To set up a custom repository for your site packages, perform the following steps:
Create a directory for your site-specific packages on the system admin controller, as follows:
# mkdir /tftpboot/site-local/sles-10-x86_64 |
Copy your site packages to the new directory, as follows:
# copy my-package-1.0.x86_64.rpm /tftpboot/site-local/sles-10-x86_64 |
Create the metadata so yum sees this as a repository, as follows:
# yume --prepare --repo /tftpboot/site-local/sles-10-x86_64 |
If you wish to use yum (as opposed to only mksiimage), you can create a yum repository configuration file in /etc/yum.repos.d . Use tempo.repo as an example. You may need to turn off the gpgcheck option if your RPMs are not signed. Remember to deploy the repository to all images from which you wish to use this repository.
If you wish your new package to be installed in to an image created by mksiimage by default, you will need to add it in to an RPM list. Example rpmlists are in /etc/opt/sgi/rpmlists. Always work on your own copy; do not modify the SGI supplied RPM lists. For more information, see “Creating Compute and Service Images Using the mksiimage Command”.
Below is an example of the mksiimage command is the same as the one shown in Procedure 3-5 except it adds your new repository to the list:
# mksiimage -A --name my-service-node-image --location /tftpboot/distro/sles-10-x86_64, /tftpboot/oscar/common-rpms,/tftpboot/oscar/sles-10-x86_64, /tftpboot/site-local/sles-10-x86_64 --filename /etc/opt/sgi/rpmlists/service-sles10sp1.rpmlist |
This command creates a new root image, using your newly created repository as one of the sources, and adds the new package assuming it is listed in /etc/opt/sgi/rpmlists/service-sles10sp1.rpmlist .
Run post-process-sgi-image command as described in Procedure 3-5.
The cpower command allows you to power up, power down, reset, and show the power status of system components.

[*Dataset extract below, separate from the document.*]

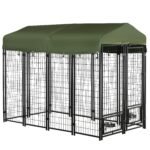 Outdoor Dog Kennel, Lockable Pet Playpen Crate, Welded Wire Steel Fence, with Water-, UV-Resistant Canopy, Rotating Bowl Holders, Door
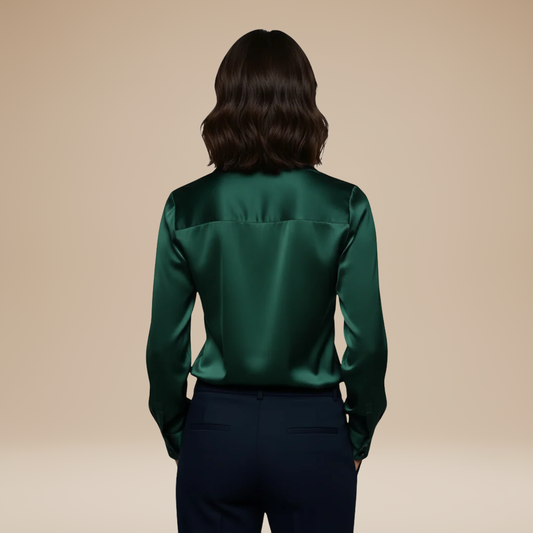 Eksklusiv Satinbluse med Silkeblødt Look og Feminin Pasform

The cpower command is, as follows:
cpower [<option> ...] [<target_type>] [<action>] <target> |
The <option> argument can be one or more of the following:
| Option | Description | |
| --noleader | Do not include leader nodes (valid with rack and system domains only). | |
| --noservice | Do not include service nodes (valid with system domain only). | |
| --ipmi | Uses ipmitool to communicate. [default] | |
| --ssh | Uses ssh to communicate. | |
| --intelplus | Uses the -o intelplus option for ipmitool [default] Note that you do not usually need to specify this. | |
| --force | When using wildcards in the target, disable all “safety” checks. Make sure you really want to use this command. | |
| -n, --noexec | Displays, but does not execute, commands that affect power. | |
| -v, --verbose | Print additional information on command progress |
| Note: The command will fail if the target contains any wild cards, unless the --all option is specified. |
The <target> argument is one of the following:
| --node | Applies the action to nodes. Nodes are compute nodes, rack leader controllers (leader nodes), system admin controller (admin node), and service nodes. [default] | |
| --iru | Applies the action at the IRU level. | |
| --rack | Applies the action at the rack level. | |
| --system | Applies the action to the system. You must not specify a target with this type. |
The <action> argument is one of the following:
| --status | Show the power status of the target, including whether it is booted or not. [default] | |
| --up | --on | Powers up the target. | |
| --down | --off | Powers down the target. | |
| --reset | Performs a hard reset on the target. | |
| --cycle | Power cycles the target. | |
| --boot | Boots up the target, unless it is already booted. Waits for all targets to boot. | |
| --reboot | Reboots the target, even if already booted. Wait for all targets to boot. | |
| --shutdown | Shuts down the target, but does not power it off. Waits for targets to shut down. | |
| --identify <interval> | Turns on the identifying LED for the specified interval in seconds. Uses an interval of 0 to turn off immediately. | |
| -h, --help | Shows help usage statement. |
The target must always be specified except when the --system option is used. Wildcards may be used, but be careful not to accidentally power off or reboot the leader nodes. If wildcard use affects any leader node, the command fails with an error.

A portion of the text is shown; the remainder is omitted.